It is well conceivable that 1 results from the fusion of sulfur dioxide with two chromane or chromanol building blocks. As genome analyses of C. acetobutylicum did not reveal any obvious gene candidates that could code for the biosynthesis of tocopherol‐like compounds, the pathway to 1 likely differs from known ones. Genome mining did not point to a known biochemical basis for C−S bond formation, either. However, a plausible biosynthetic model could involve sulfur dioxide capture as in sulfadixiamicin biosynthesis, where a flavoprotein has been implicated in xiamycin dimerization and radical‐mediated SO2 incorporation, likely via a semiquinone radical.

Clostridia are sensitive towards SO2, which is an approved additive to preserve a range of foods, such as canned meat. Thus, we reasoned that 1 could result from a sulfur dioxide detoxification pathway involving chromane or chromanol radicals that capture SO2. Such a scenario appears plausible since high concentrations of cysteine, which induce clostrisulfone formation in C. acetobutylicum, could perturb the anaerobes’ sulfur metabolism and could lead to sulfite formation. While still relatively little is known about sulfur metabolism in clostridia, the cysteine addition alters the thiol landscape and thus redox potentials, which may result, among others, in impaired sulfite respiration in clostridia.
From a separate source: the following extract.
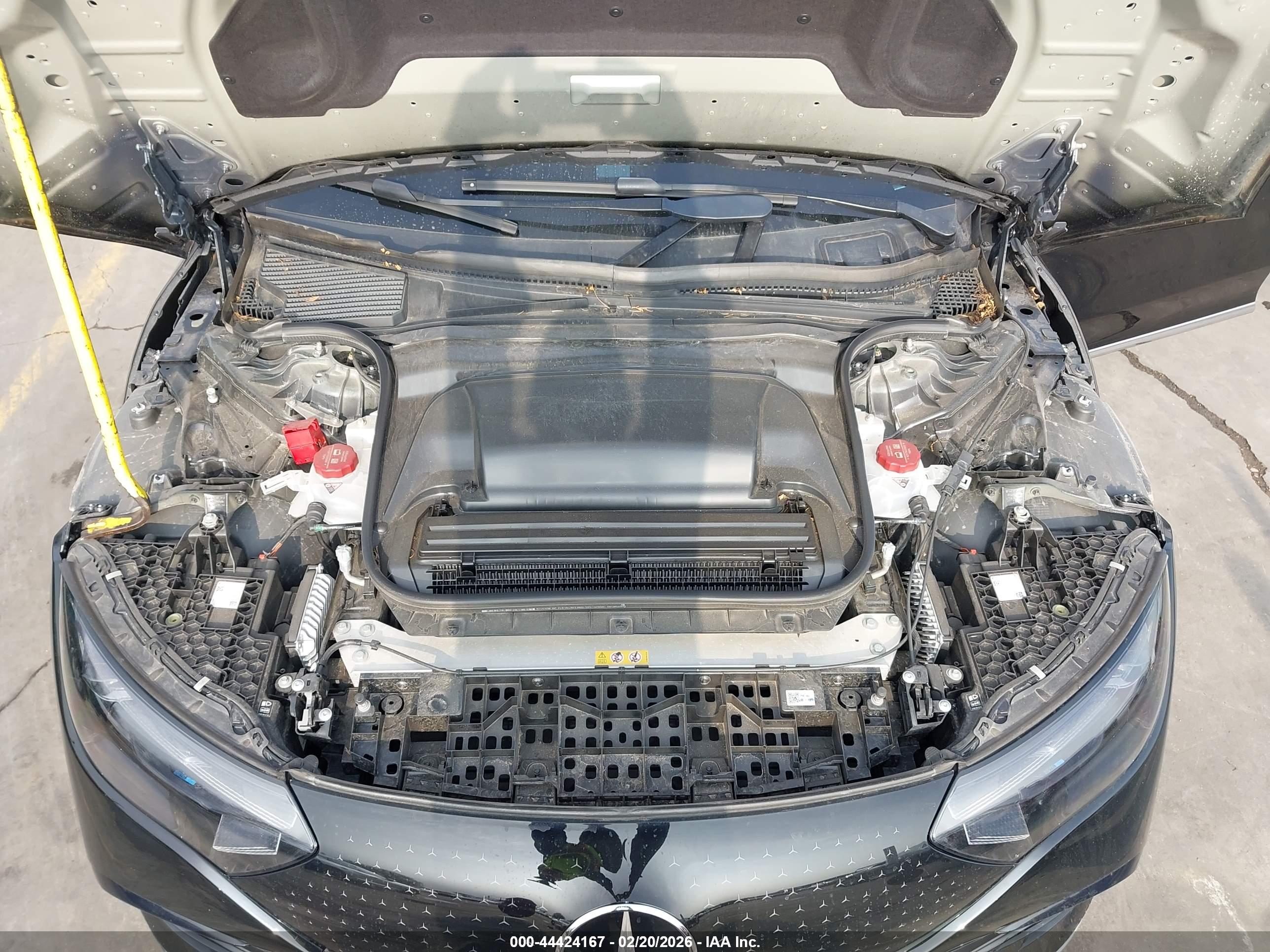 MERCEDES-BENZ EQE image 10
To evaluate the potentially increased susceptibility of C. acetobutylicum towards sulfur dioxide we supplemented cultures with either chromane 3 or chromanol 5 and different sulfur sources, gaseous sulfur dioxide, Na2SO3, and 1,4‐diazabicyclo[2.2.2]octane bis(sulfur dioxide) adduct (DABSO), and monitored bacterial growth. Yet, these experiments were not conclusive since chromane 3 and chromanol 5 alone show adverse effects on the growth of the bacteria. Furthermore, the formation of 1 could not be induced with any of the SO2 sources (Tables S2 and S3, Figures S12–14).
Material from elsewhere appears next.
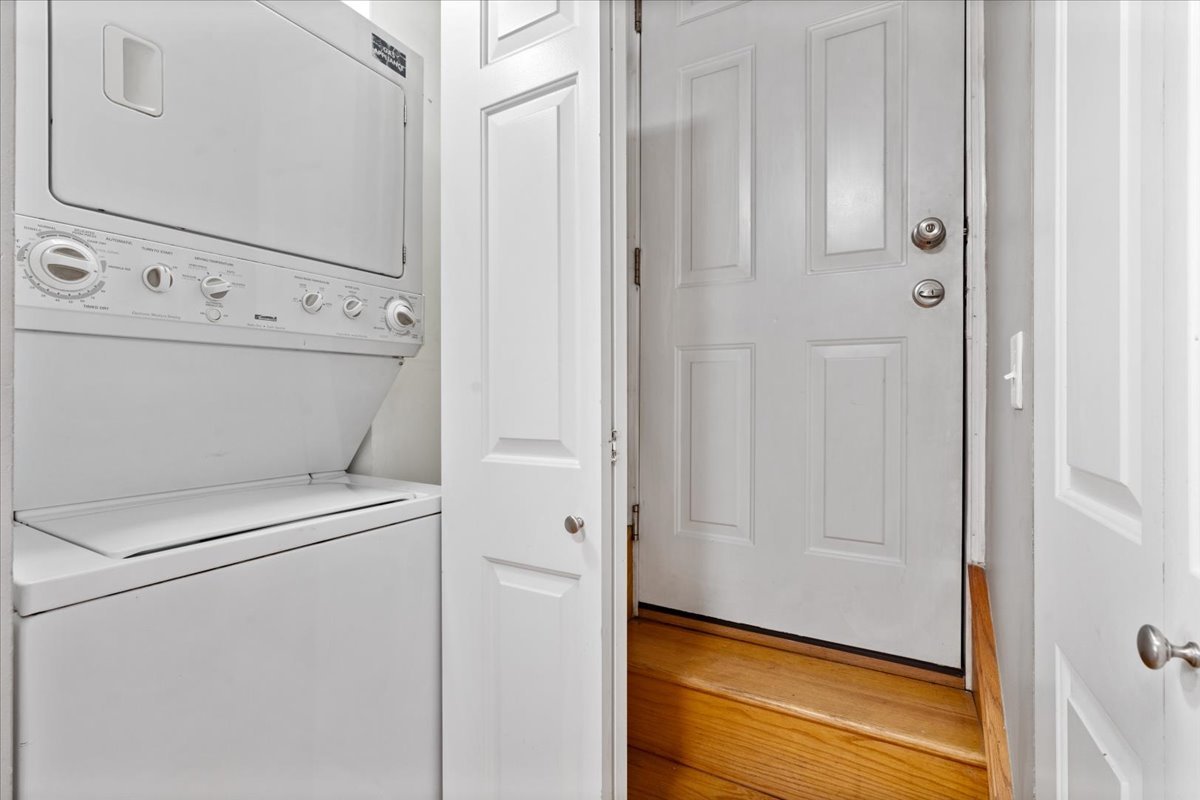 2307 West Haddon Avenue, Unit A Chicago, IL 60622 - Photo 15 of 17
Since the in vivo experiments did not provide any insight into the potential biogenesis of 1, we performed various qualitative synthetic experiments and evaluated a potential biomimetic route to 1. First, we screened conditions for the reaction between pentamethylchromane 3 and gaseous sulfur dioxide, sodium sulfite or SO2 released from DABSO. Neither electrochemical oxidations, nor oxidative reactions (with zinc powder, iron(III) chloride, zinc‐copper couple) and radical reaction conditions with different radical starters like azobisisobutyronitrile (AIBN) or dibenzoyl peroxide (DBP) in different solvents (acetonitrile, benzene or carbon tetrachloride) led to detectable amounts of 1 (Figures 2 A and 2B). In contrast, when using chromanol 5 as starting material in the presence of 5 mol‐% of a radical starter like AIBN or DBP at 50 °C, the diarylsulfone was detectable in trace amounts by HRMS‐HPLC. While this approach is potentially biomimetic, alternative avenues in the biosynthesis of 1 cannot be ruled out.

Figure 2

Testing potential biomimetic routes to 1 involving sulfur dioxide capture. A) Radical starters such as azobisisobutyronitrile (AIBN) or dibenzoyl peroxide (DBP) in the presence of Na2SO3 can promote the formation of trace amounts of 1 from chromanol 5, whereas chromane 3 does not show any conversion, even when using other sulfur sources like gaseous sulfur dioxide or DABSO. B) Extracted ion chromatograms (HPLC‐HRMS); a) start of reaction; b) after 24 hours; c) synthetic reference of 1.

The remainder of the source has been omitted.